__What needs to be done__: Taking the line with "Lyt Delivery(圖1)-速報App" as the first and the line with "How Halloween Parties" as the last, set down the lines below exactly, pictures excluded.

Start of Entries supplied

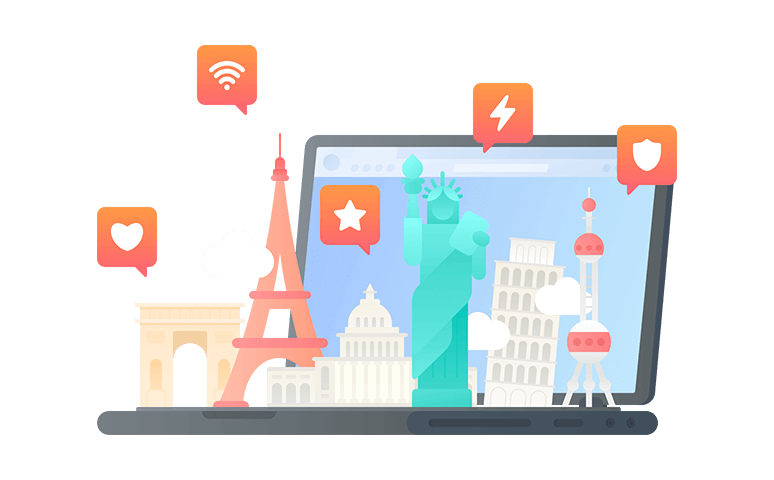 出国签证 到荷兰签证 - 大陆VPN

End of Entries supplied
Start of Entries supplied

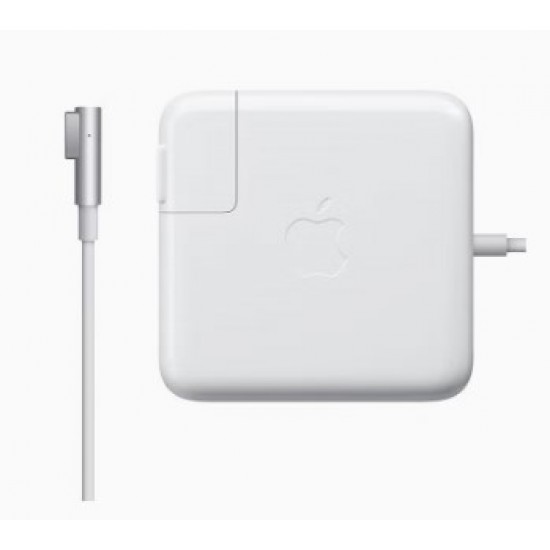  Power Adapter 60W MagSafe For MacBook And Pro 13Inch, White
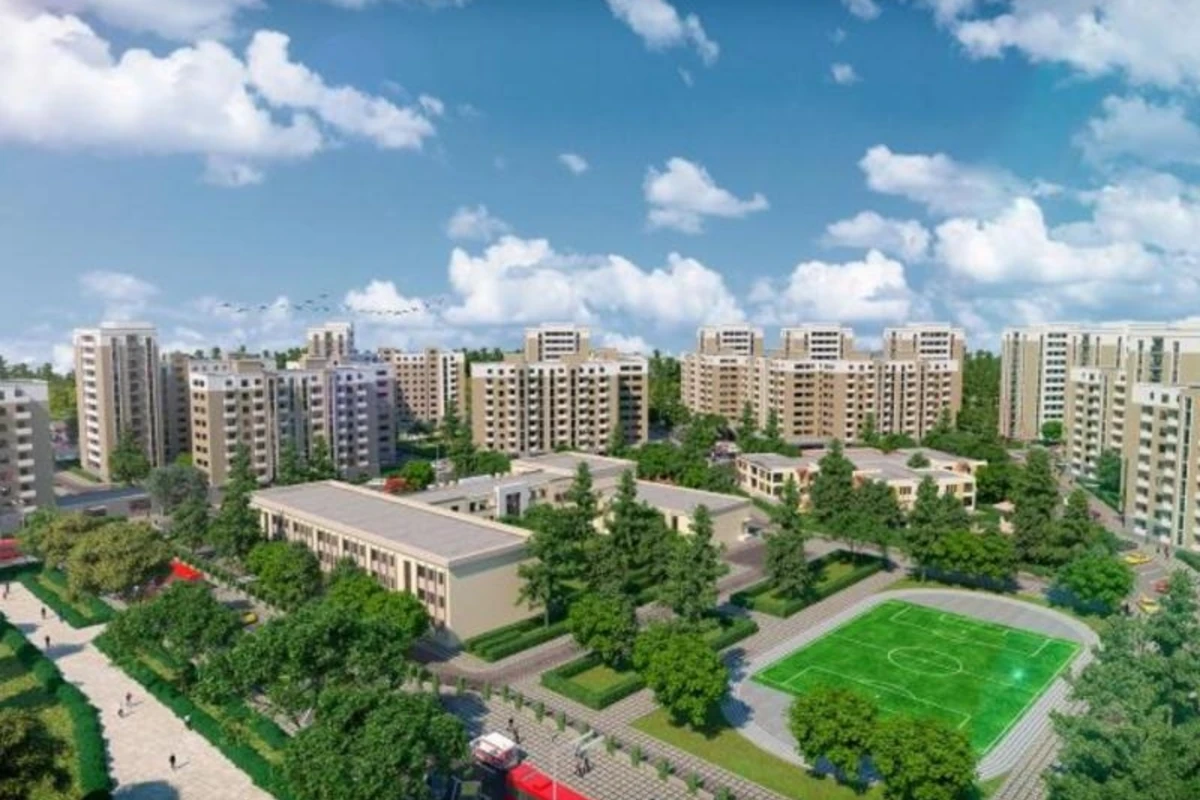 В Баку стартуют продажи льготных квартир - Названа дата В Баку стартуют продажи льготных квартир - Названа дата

End of Entries supplied
Start of Entries supplied

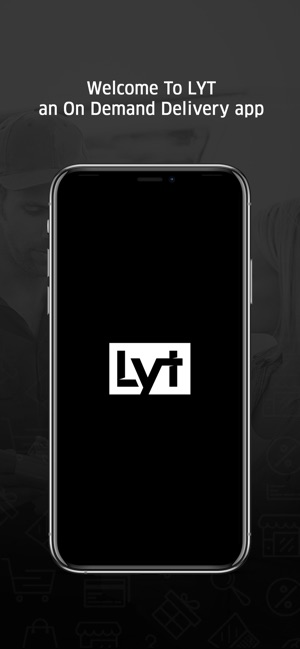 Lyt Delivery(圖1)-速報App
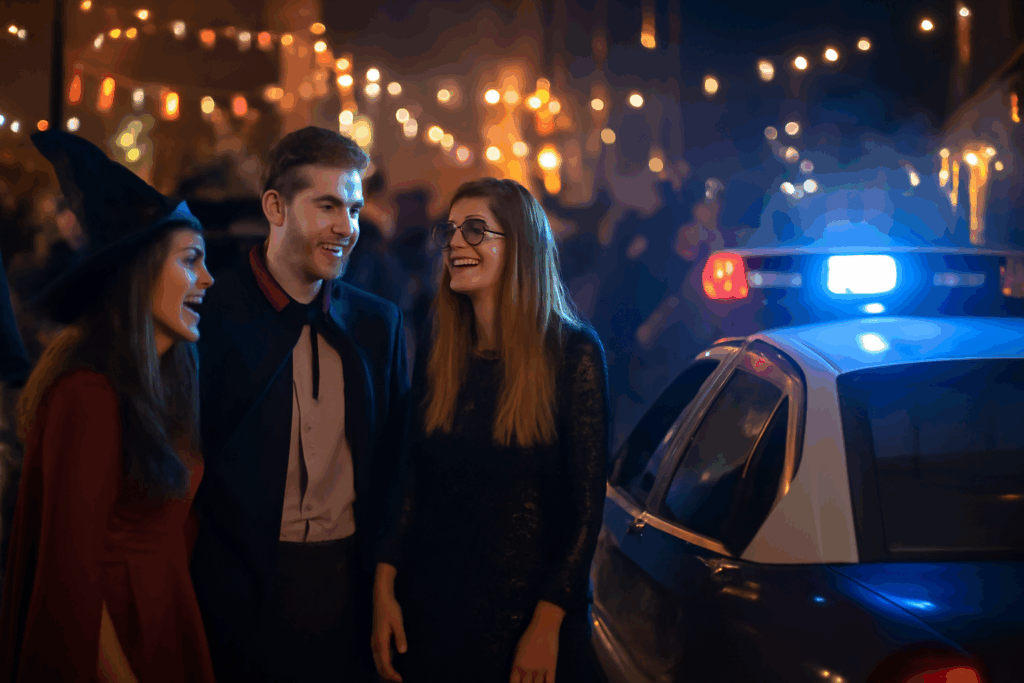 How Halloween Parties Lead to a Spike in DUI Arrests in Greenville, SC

End of Entries supplied

__Result of this task__:
 Lyt Delivery(圖1)-速報App
 How Halloween Parties Lead to a Spike in DUI Arrests in Greenville, SC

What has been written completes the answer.